A study (DOI: 10.48130/ebp-002 6 -00 01 ) published in Environmental and Biogeochemical Processes on 28 January 2026 by Junjian Wang’s team, Southern University of Science and Technology, reveals how black carbon dynamics enhance long-term carbon storage and connect terrestrial and marine carbon cycles in mangrove ecosystems.

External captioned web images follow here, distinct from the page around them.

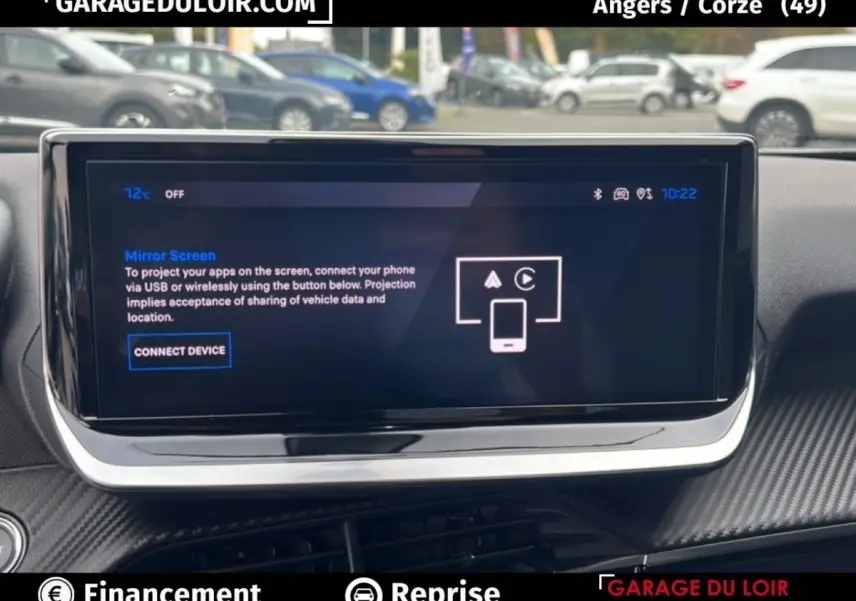 Écran tactile central du tableau de bord du Peugeot 2008 Hybrid gris clair, vue intérieure frontale.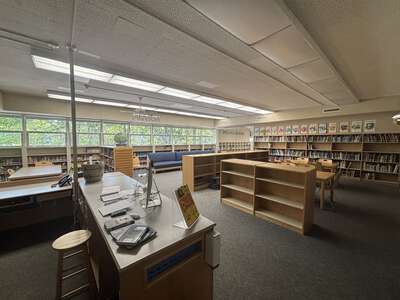 Glorietta Elementary School Room 22 - Library in Orinda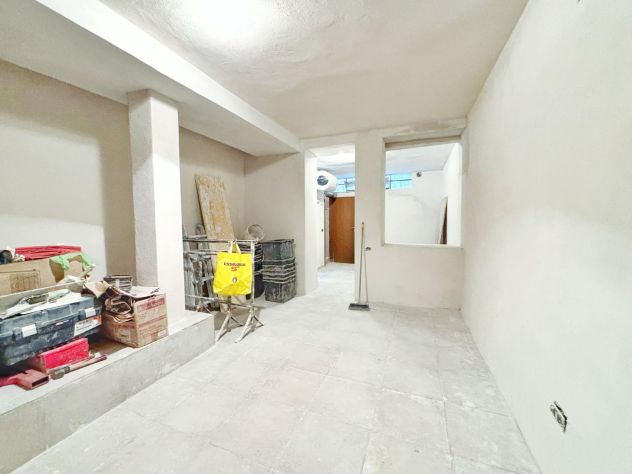 Magazzino C/2 ristrutturato con bagno – a DERGANO - Foto 4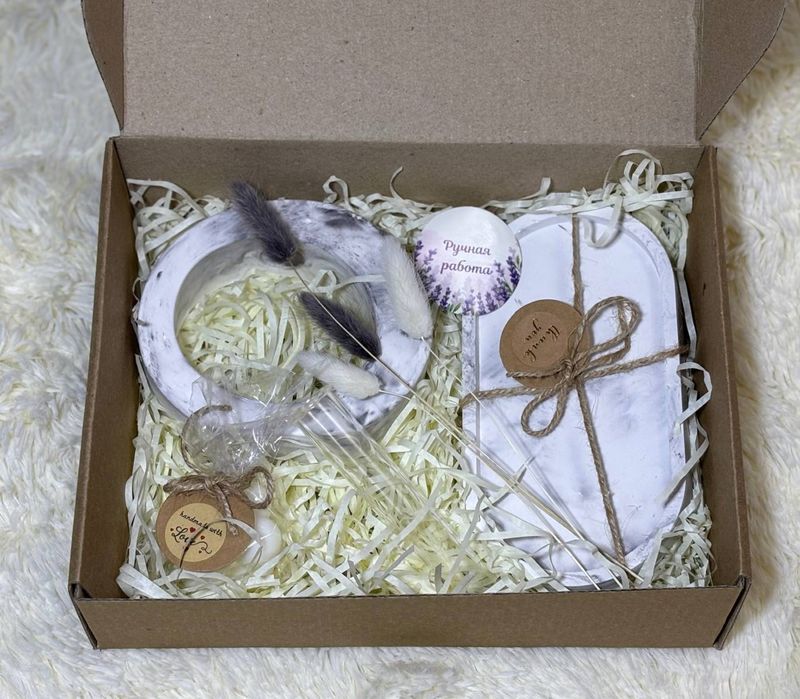 Ваза декоративная из гипса,мрамор.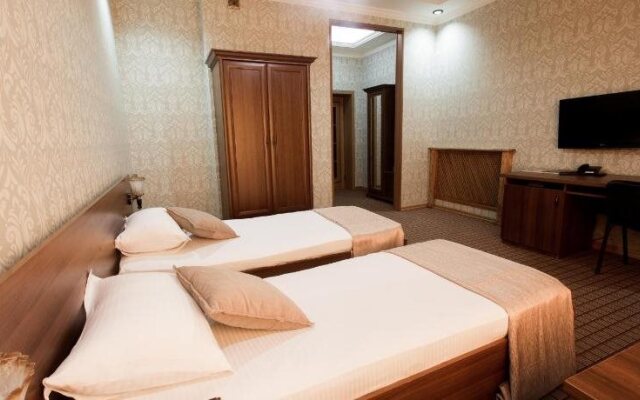 Neapol Hotel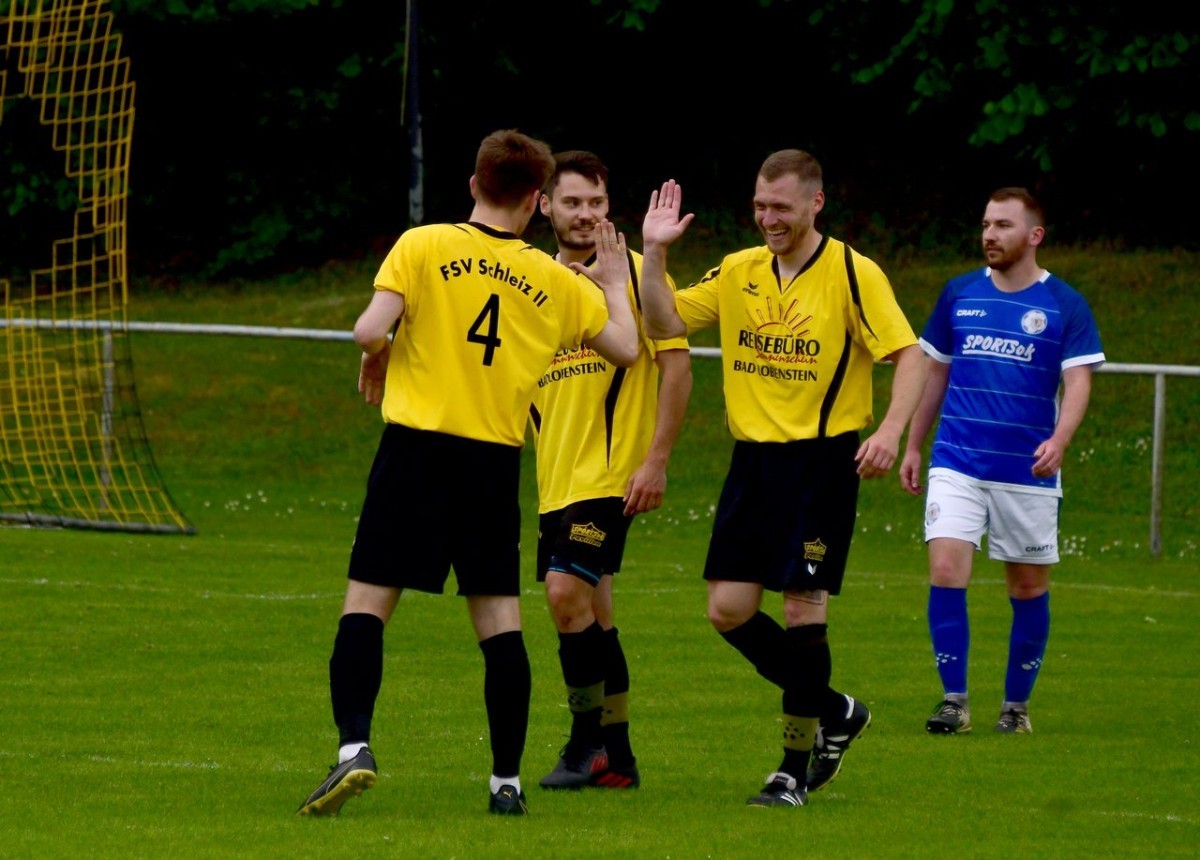 Mit Doppelsieg auf die Zielgerade: Zweite triumphiert am Pfingstwochenende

Using a land–sea transect and a soil-depth profile in Zhangjiang Estuary mangroves, the researchers quantified total organic carbon (TOC), BC, dissolved organic carbon (DOC), and DBC, calculated key stoichiometric ratios, and then combined correlation tests with machine-learning (random forest) and structural equation modeling (SEM) to identify the environmental drivers and pathways behind observed spatial patterns; they also applied BPCA molecular markers to compare the condensation/stability of BC versus DBC. These measurements showed that variability differed strongly among pools: TOC and DOC were highly heterogeneous (CV 42.8% and 53.6%), BC was comparatively uniform (CV 13.0%), and DBC was most variable (CV 63.1%). Mean BC was 1.27 ± 0.16 g/kg (0.95–1.67 g/kg), generally lower than more urban-influenced mangrove/coastal sites but slightly above some regional shelf sediments, while BC/TOC averaged 8.26% ± 3.34% (3.50%–17.41%), a relatively low proportion that is consistent with limited human disturbance and stronger atmospheric/long-range inputs. Along both gradients, BC and DBC concentrations declined seaward and with depth, yet BC/TOC increased, indicating preferential preservation of recalcitrant BC as other organic matter is lost or diluted by fresh surface litter inputs; BC also tracked TOC closely (r = 0.65), consistent with TOC protection/adsorption and shared depositional controls. DBC was more than twice as high in surface soils as in deeper layers, and DBC/DOC remained low (0.36%–3.07%, mean 1.21% ± 0.56%) but rose with DOC (r=0.48), suggesting shared transport plus DOC-facilitated dissolution and microbial processing that releases both DOC and DBC. BPCA results indicated highly condensed aromatic BC (B6CA+B5CA = 78.3% of BC markers) and a higher condensation index in BC than DBC (B6CA/B5CA: 1.44 vs 0.40), supporting selective dissolution of less-condensed BC into DBC. Driver analyses identified plant biomass as the strongest positive control on BC, TN as a key regulator of TOC and DBC (but negatively associated with BC/TOC), and pH and minerals (especially Ca) as major controls on ratios and BC/DBC stability; SEM further showed that landward distance and depth act largely indirectly by reshaping biomass, TN, pH, clay, bulk density, and water content, collectively reinforcing long-term BC persistence in subsoils while constraining DBC production and mobility with depth.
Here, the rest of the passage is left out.